> _Task instructions_
Return only the lines running from the one that contains "La nueva vía" through the end of the entries, exactly, both ends included. Omit pictures.

Items listed in a dataset
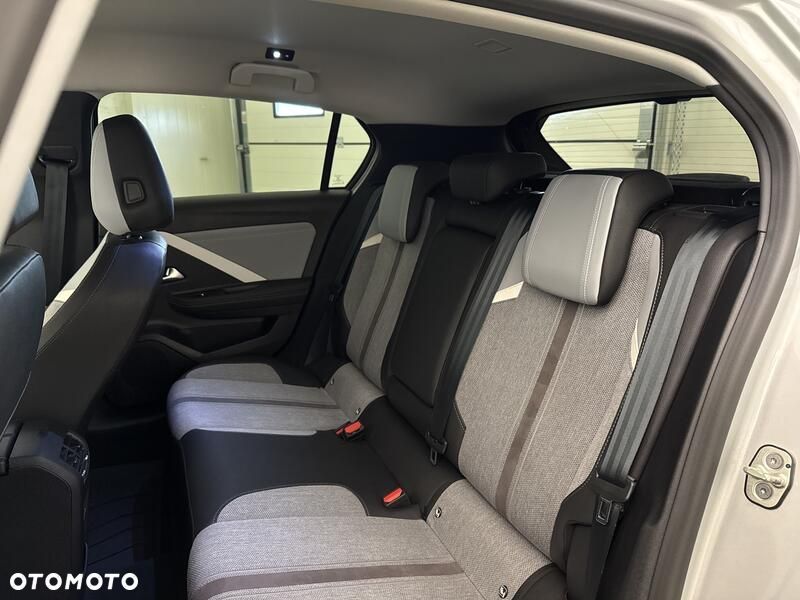 Opel Astra - 18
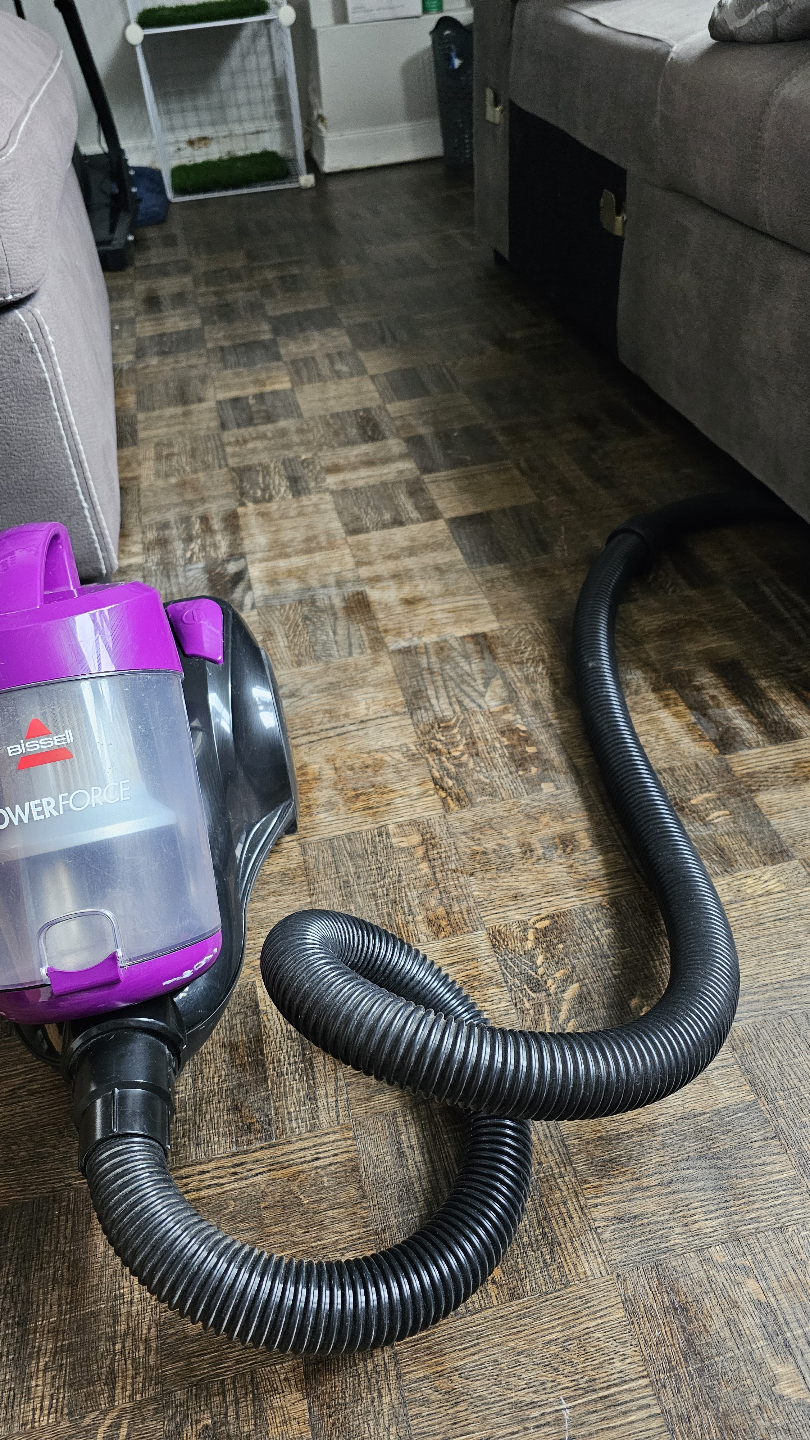 Bissell Powerforce Vacuum - photo 2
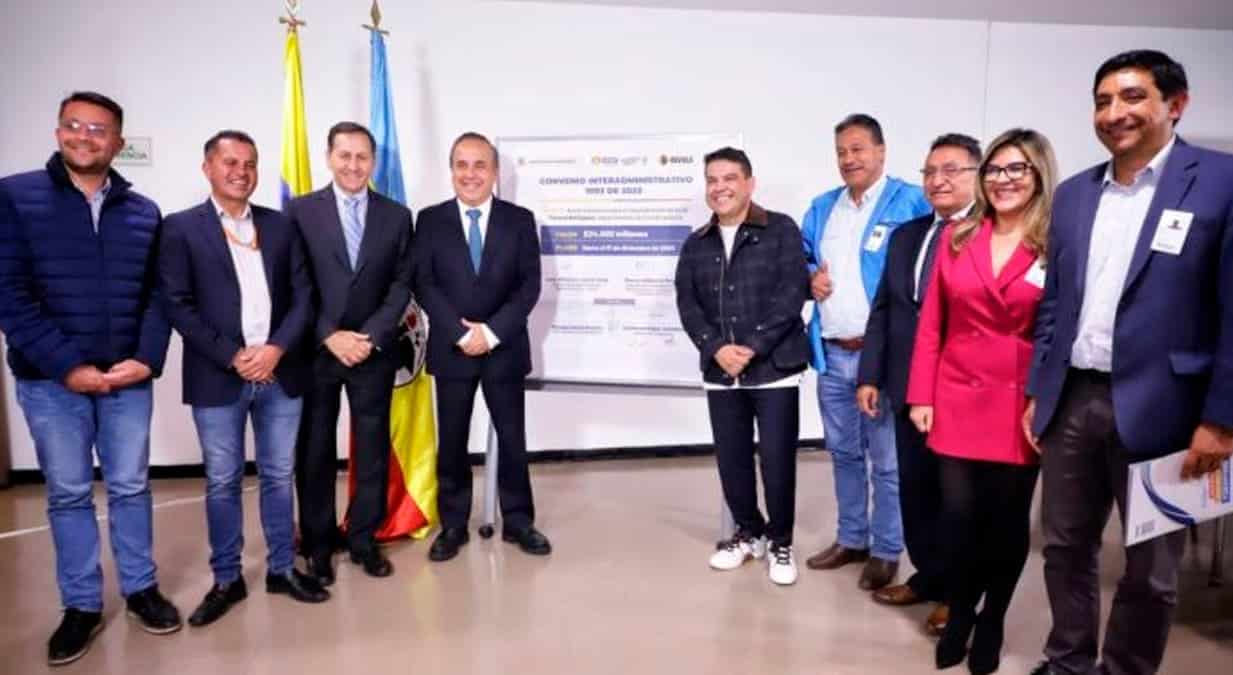 La nueva vía que conectaría a Bogotá y el Llano tendrá trabajos de contención.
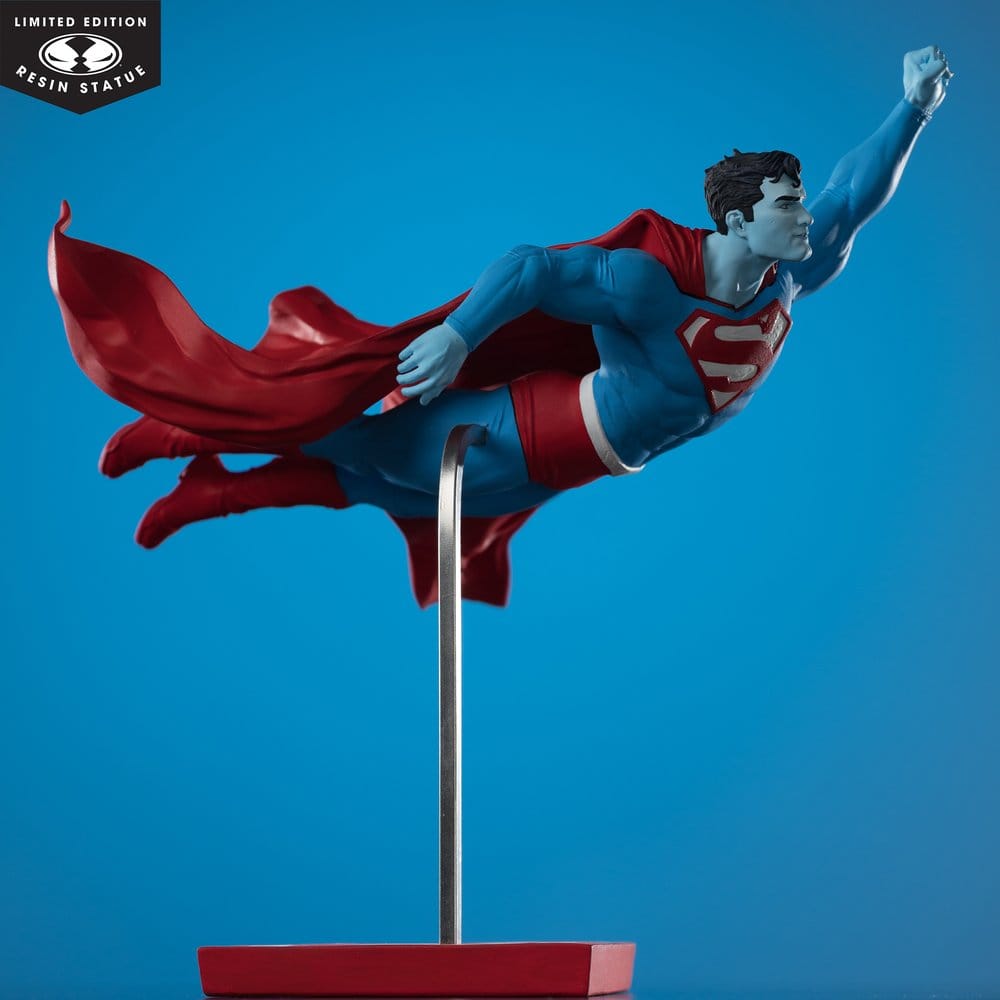 DC Direct Superman Red & Blue Figur 1/10 Superman av Lee Bermejo 26 cm McFarlane Toys
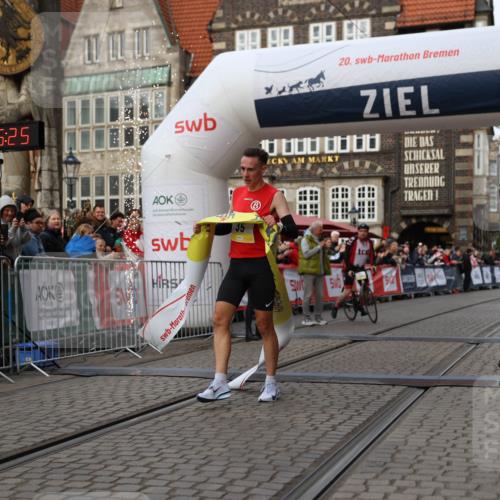 05.10.2025 - 20. swb-Marathon Bremen Yannick Fuchs http://msf.ph/oto/9231321 05.10.2025 10:27:15 Ziel 35 meine-sportfotos.de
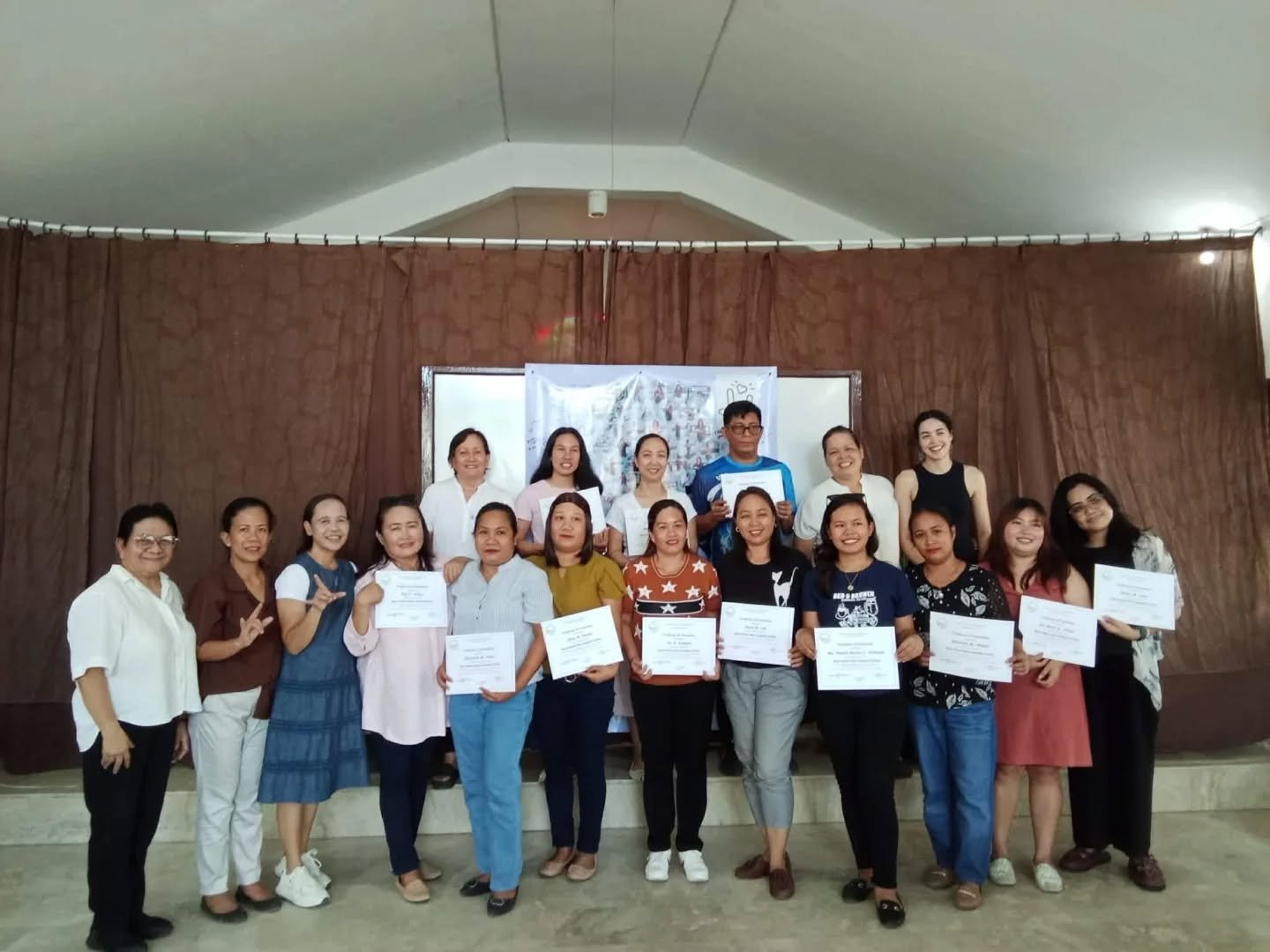 Congratulations to the 68 participants who completed their 2 week Filipino Sign Language Training!!
Participants learned basic signs, studied and performed a song of their choice.
We hope their new awareness and knowledge helps contribute to the Deaf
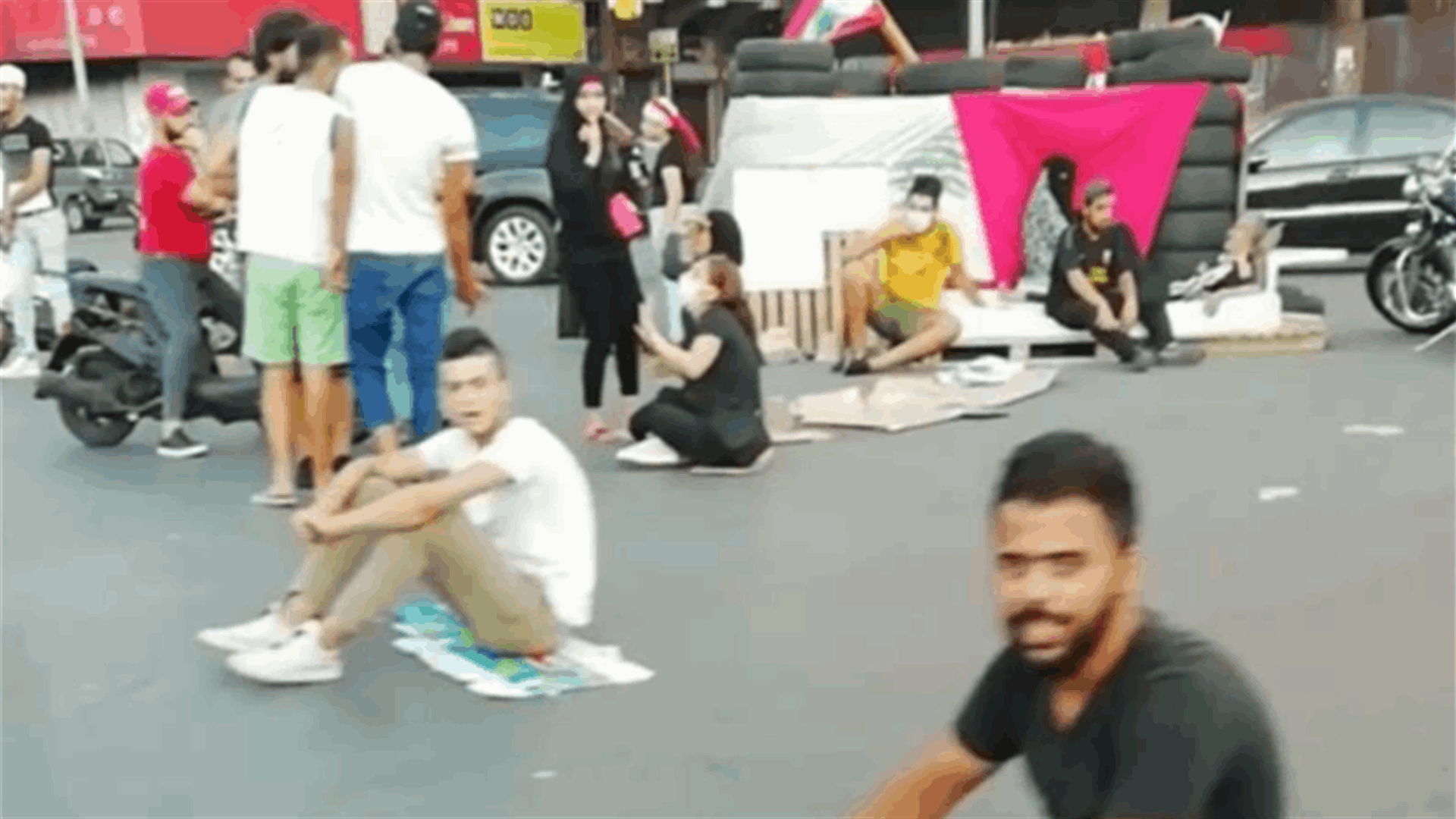 محتجون افترشوا مسارب ساحة عبد الحميد كرامي بعد ان قطعوها احتجاجا على تردي الأوضاع المعيشية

> _Exercise answer_
 La nueva vía que conectaría a Bogotá y el Llano tendrá trabajos de contención.
 DC Direct Superman Red & Blue Figur 1/10 Superman av Lee Bermejo 26 cm McFarlane Toys
 05.10.2025 - 20. swb-Marathon Bremen Yannick Fuchs http://msf.ph/oto/9231321 05.10.2025 10:27:15 Ziel 35 meine-sportfotos.de
 Congratulations to the 68 participants who completed their 2 week Filipino Sign Language Training!!
Participants learned basic signs, studied and performed a song of their choice.
We hope their new awareness and knowledge helps contribute to the Deaf
 محتجون افترشوا مسارب ساحة عبد الحميد كرامي بعد ان قطعوها احتجاجا على تردي الأوضاع المعيشية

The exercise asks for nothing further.